Image: Martin McQuillan for Research Professional News

UCU has said that re-ballots will start in 13 universities next week

As strikes at 60 universities over pensions and pay enter their second day, the University and College Union has announced that it will ask members at more than a dozen other universities to vote again on joining the action.

Trade union legislation introduced in 2018 means that 50 per cent of union members must participate in a ballot for a strike to be legal.

A fresh wave of ballots will begin in 13 universities on 4 December and run until 28 January. Research Professional News understands that more union branches are also preparing to re-ballot in the new year.

The tranche of ballots scheduled for next week will take place in universities judged to have come close to meeting the legal threshold for strike action, and whose union branches are in a position to arrange an immediate vote.

Re-ballots will begin at Imperial College London, University of Kent, Leeds Beckett University, Leeds Trinity University, the School of Oriental and African Studies, Liverpool John Moores University, University of Worcester, University of Salford, University of Portsmouth, University of East Anglia, University of Arts London, University of the West of Scotland, and Falmouth University.

This leaves high-profile institutions, including King’s College London, Birkbeck College and University of London, off the list of universities to be re-balloted in this round. The original vote at King’s was 21 votes short of the legal threshold and the vote at Birkbeck was nine short.

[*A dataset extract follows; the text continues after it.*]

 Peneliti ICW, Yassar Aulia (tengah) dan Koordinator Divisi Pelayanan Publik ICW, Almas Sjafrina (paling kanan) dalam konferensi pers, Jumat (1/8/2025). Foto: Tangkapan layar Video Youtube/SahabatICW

UCU general secretary Jo Grady said: “We have been clear from the outset that UCU members are prepared to take serious and sustained action to defend their pay and conditions, as well as their pensions. Thirteen branches have already come back to us and said they want to be balloted again so they can join the action should further strikes be required after Christmas.”

She called on university managers “to come back to negotiations with serious proposals to resolve these disputes.”

Elsewhere, union negotiators met on 26 November with representatives of the University and College Employers Association, which speaks on behalf of employers in pay discussions. The meeting concluded without new proposals being tabled to end the dispute.

A spokesperson from UCEA said the employer’s body has "undertaken to seek feedback from the 147 universities they represent in the [Joint Negotiating Committee] JNCHES negotiations and to come back to UCU next week with some fresh responses on the kind of work we believe we could take forward at sector-level on the issues" of gender and ethnicity pay gaps, casual employment arrangements and workload.

However, while UCEA were prepared to listen to UCU’s point of view on pay, the spokesman confirmed that "the 147 universities are giving no collective mandate to improve further on the above-inflation final pay offer that was made in April of this year."

The current strikes at 60 universities are due to last until 4 December.